Major OEMs such as John Deere and Schneider Electric, have chosen to use HP’s metal printing technology to transform the way they make products – from prototyping to serial production.
For example, Schneider Electric turned to HP to 3D print their electric filters to fit into breaker boxes that are used within the marine, defense, and industrial environments. Previously, “these filters were being made with sheet metal and nickel metal mesh and assembled in this extremely expensive process,” said Tim Weber. “This [HP’s printing technology] allowed them to reduce the size of the entire fuse box by 20%, which allowed them to pack more into the given space. And so the entire system became substantially cheaper and lighter weight by doing this.”
“We have a lot of people come to us and say I want to make 10,000 parts, 20,000 parts, 100,000 parts, and it allows us to point them to a company that can actually produce. Those companies [such as GKN, one of HP’s digital manufacturing partners, that is currently producing parts at scale] will ultimately buy machines from HP and produce parts from them,” said Tim Weber.
Another example of a major company using HP’s metal printing to produce final parts is the fuel bypass manifold for cold winter tractor conversion kits produced by John Deere, who, according to Tim Weber, “has been producing using additive for a very long time, for prototyping.
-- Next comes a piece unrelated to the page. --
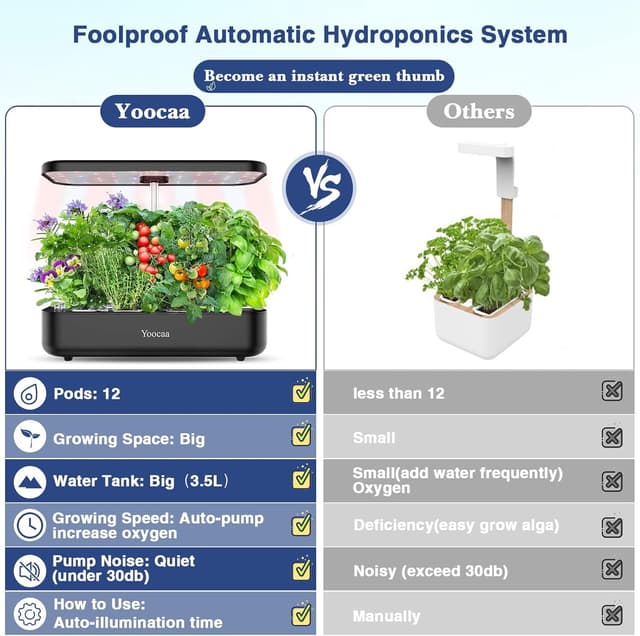 Thumbnail 5 de Yoocaa Smart Garden 12 piante 🌱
This is their first ever production metal part, and the reason is that previously, it was unaffordable for them to actually do production with powder bed fusion and other techniques,” – until, through HP’s metal additive technology, it was proven to be a viable option.
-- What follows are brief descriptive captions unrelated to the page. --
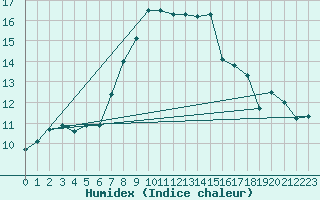 Courbe de l'humidex pour Muenchen, Flughafen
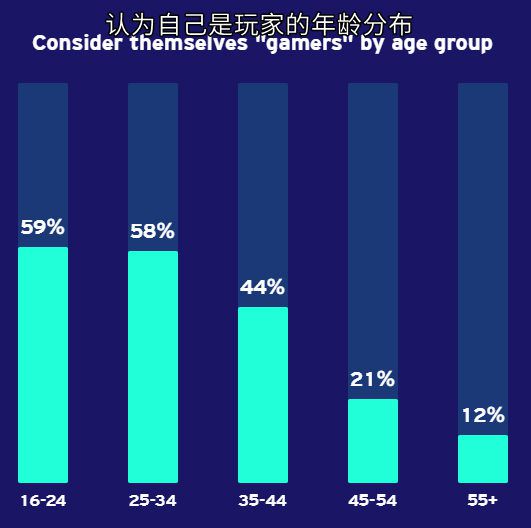 各种手机网络游戏下载人数_下载人数最多的手游_手机游戏在线人数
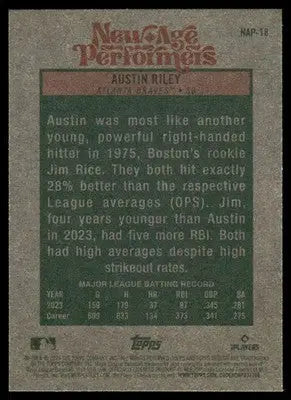 2024 Topps Heritage Austin Riley #NAP-18 Baseball - Baseball Card Single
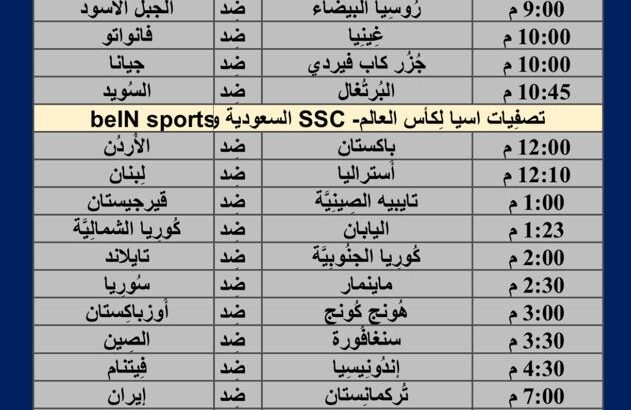 جدول مباريات كرة القدم يوم 21/3/2024 الخميس ⚽️ 🕰️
Previously, in the automotive industry, HP’s technology has been applied to the creation of cosmetic and structural parts for companies like Volkswagen, for example.
How HP’s printing technology is applied really depends on the customer. “There are some companies that are more vertically integrated – so they’ll buy machines, and go through their own design, within their own business. Others will come to us and they’ll say, ‘we want to work with you on design for MetalJet’, and then they’ll work with one of our digital manufacturing partners, such as Parmatech, a company with a long history of producing with some of the world leading medical partners in metal injection molding, to have it produced,” said Tim Weber.
As an example of how HP caters to the consumer industry – the company partnered with Cobra Golf to create a putter in collaboration with the professional golfer, Bryson DeChambeau. Over the course of a couple of months, Bryson DeChambeau “went through many, many iterations, and tried all these different designs, but ultimately found one he liked. So it was this incredible power of being able to iterate with additive, find a design he liked, and produce the exact number of parts he wanted – which sold out almost instantly,” said Tim Weber. “Cobra had never made a putter before. So for all they knew, they weren’t going to sell very many. This gives them the flexibility now to scale it up or scale down based on whether or not they’re going to have successful SKUs. You’re going to see that same thing in jewelry and watches. Rather than making ten or 15 SKUs, figuring out which five SKUs sell, and then figuring out what to do with the inventory of the other ten SKUs – you’re going to figure out which SKUs work. You’re then going to make exactly those things. It is transforming the way people make consumer products.”
The case study applications we were privy to at HP’s booth at Formnext were a select few, and only the tip of the proverbial 3D printed iceberg. However, what we do know for certain is that the company is making a noteworthy contribution to the adoption of AM technology, across major market segments.